Tacos are very versatile. You can throw almost anything into a fresh, warm, corn tortilla and it will melt in your mouth. Here's a great recipe we learned while living in Rhode Island, where we couldn't find any Mexican Restaurants that lived up to our California favorites. I admit, we get spoiled by the food here. This recipe is relatively simple and quick once you get used to peeling the peppers. Watch out, because each bite can pack a spicy punch! Choose your peppers wisely!
6 Poblano Chile Peppers (you can use Pasilla chiles instead if you like)
1/2 white onion, sliced
2 cloves garlic, sliced
1/2 cup chicken (or vegetable) stock
vegetable oil to sautee the onion
1 tablespoon heavy cream (optional)
salt to taste
1. Drizzle oil in pan, turn heat on medium.

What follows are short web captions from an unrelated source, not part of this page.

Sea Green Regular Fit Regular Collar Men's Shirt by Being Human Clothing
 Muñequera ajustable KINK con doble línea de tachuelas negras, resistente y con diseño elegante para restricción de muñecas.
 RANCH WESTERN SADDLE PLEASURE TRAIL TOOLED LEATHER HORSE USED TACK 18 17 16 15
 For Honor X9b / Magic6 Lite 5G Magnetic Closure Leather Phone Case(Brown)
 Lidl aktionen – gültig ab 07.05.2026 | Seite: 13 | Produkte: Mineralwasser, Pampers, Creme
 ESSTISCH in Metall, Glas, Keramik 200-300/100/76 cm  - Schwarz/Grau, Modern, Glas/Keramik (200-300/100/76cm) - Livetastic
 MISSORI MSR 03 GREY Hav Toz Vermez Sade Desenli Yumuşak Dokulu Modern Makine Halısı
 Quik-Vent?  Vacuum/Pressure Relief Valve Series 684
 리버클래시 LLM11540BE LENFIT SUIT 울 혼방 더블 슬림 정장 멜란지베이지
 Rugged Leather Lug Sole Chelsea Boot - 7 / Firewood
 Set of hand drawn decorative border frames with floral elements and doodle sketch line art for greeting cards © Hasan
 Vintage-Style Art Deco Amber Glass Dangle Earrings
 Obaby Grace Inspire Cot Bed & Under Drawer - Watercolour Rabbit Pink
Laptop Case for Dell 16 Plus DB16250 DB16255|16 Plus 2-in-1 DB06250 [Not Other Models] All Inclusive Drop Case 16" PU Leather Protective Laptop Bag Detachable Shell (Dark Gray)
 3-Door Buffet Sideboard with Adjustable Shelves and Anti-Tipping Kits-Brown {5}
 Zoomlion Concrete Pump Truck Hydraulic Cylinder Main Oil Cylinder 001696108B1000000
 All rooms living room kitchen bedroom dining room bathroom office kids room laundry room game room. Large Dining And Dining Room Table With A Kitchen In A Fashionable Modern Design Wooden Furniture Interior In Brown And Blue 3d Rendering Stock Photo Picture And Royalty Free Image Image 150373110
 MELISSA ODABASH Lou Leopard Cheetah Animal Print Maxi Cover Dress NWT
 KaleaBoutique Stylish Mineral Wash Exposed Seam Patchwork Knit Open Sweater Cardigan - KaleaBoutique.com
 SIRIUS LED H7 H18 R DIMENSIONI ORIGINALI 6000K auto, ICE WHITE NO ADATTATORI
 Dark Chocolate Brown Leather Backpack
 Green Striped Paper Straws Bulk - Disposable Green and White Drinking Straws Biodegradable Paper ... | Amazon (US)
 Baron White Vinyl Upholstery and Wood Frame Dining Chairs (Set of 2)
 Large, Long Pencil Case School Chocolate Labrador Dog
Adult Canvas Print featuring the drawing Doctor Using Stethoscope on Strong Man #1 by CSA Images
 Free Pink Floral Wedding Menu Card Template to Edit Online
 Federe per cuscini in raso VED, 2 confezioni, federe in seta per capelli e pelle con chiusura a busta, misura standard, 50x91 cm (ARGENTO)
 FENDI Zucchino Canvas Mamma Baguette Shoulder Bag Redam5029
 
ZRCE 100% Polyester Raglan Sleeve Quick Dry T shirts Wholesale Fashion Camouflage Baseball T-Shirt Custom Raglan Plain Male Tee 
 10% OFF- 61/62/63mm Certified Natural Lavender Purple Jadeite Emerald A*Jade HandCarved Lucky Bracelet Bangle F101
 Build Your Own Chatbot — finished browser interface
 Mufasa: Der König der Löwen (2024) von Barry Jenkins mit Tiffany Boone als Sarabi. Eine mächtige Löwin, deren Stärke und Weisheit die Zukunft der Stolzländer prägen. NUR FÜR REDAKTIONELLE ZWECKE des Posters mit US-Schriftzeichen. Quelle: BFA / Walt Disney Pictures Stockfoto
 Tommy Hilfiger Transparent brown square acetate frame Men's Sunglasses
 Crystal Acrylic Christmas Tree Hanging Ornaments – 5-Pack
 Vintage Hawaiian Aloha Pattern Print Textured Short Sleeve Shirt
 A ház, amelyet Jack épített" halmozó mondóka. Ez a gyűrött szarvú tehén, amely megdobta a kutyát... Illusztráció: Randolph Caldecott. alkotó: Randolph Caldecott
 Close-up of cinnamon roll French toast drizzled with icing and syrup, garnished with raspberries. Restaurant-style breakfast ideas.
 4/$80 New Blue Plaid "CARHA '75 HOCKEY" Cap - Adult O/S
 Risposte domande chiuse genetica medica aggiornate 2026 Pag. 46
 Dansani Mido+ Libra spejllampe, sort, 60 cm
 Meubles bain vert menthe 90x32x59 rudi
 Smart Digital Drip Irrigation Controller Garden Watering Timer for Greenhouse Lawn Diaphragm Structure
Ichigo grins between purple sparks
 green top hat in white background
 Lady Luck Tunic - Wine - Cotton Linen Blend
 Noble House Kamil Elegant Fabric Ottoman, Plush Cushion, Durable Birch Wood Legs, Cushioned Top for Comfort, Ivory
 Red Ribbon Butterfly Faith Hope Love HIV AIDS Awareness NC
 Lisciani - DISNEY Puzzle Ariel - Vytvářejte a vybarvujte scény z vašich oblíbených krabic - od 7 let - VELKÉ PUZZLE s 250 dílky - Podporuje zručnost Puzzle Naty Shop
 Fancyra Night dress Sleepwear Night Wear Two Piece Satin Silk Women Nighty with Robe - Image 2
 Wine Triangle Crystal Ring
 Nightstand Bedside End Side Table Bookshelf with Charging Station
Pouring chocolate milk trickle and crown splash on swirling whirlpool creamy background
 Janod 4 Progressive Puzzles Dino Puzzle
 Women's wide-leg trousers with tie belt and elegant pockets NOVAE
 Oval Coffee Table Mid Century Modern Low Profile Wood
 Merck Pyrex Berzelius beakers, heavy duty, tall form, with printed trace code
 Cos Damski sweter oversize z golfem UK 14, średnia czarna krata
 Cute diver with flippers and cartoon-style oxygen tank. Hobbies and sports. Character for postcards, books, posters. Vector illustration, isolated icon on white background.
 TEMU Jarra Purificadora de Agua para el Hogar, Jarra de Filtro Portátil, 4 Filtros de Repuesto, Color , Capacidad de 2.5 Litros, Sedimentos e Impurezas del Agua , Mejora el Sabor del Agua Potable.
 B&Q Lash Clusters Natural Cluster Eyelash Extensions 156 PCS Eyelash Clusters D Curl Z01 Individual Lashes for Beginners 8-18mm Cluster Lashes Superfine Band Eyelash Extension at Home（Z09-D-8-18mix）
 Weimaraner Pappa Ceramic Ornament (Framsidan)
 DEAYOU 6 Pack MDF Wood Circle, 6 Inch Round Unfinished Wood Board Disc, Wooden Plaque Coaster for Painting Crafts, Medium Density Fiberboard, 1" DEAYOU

2. Slice onions and add to the pan.
3. Peel garlic, slice, and add to pan. *Note: if you smash the garlic clove it will peel easily, I use the flat side of my knife.
4. Roast peppers over fire (we use the bbq, but you can do it on the stove)
5. Peel, seed, and slice the peppers into strips. Rancho Gordo has nice step by step instructions here
6. Add sliced peppers to onion and garlic, add stock and let cook down. We use our immersion blender to make this into a paste, but you can eat them as they are meant to be eaten--in strips.
7. Add salt and cream if you want and serve with fresh corn tortillas.
If you have never made fresh tortillas, I highly encourage you to start. The flavor is beyond anything you'll find out of a package at the store. They are simple, you just need a tortilla press, the masa (tortilla flour), water, and a hot pan.
Tortilla flour is available at most supermarkets, just be sure the one you buy contains the mineral lime. Mix according to the package. I use wax paper on my cast iron tortilla press, once the dough is flat, scoop it up and put it in the hot pan, cook each side for approximately 30-60 seconds. Keep the tortillas in a cloth so that they steam each other and get their flexible consistency.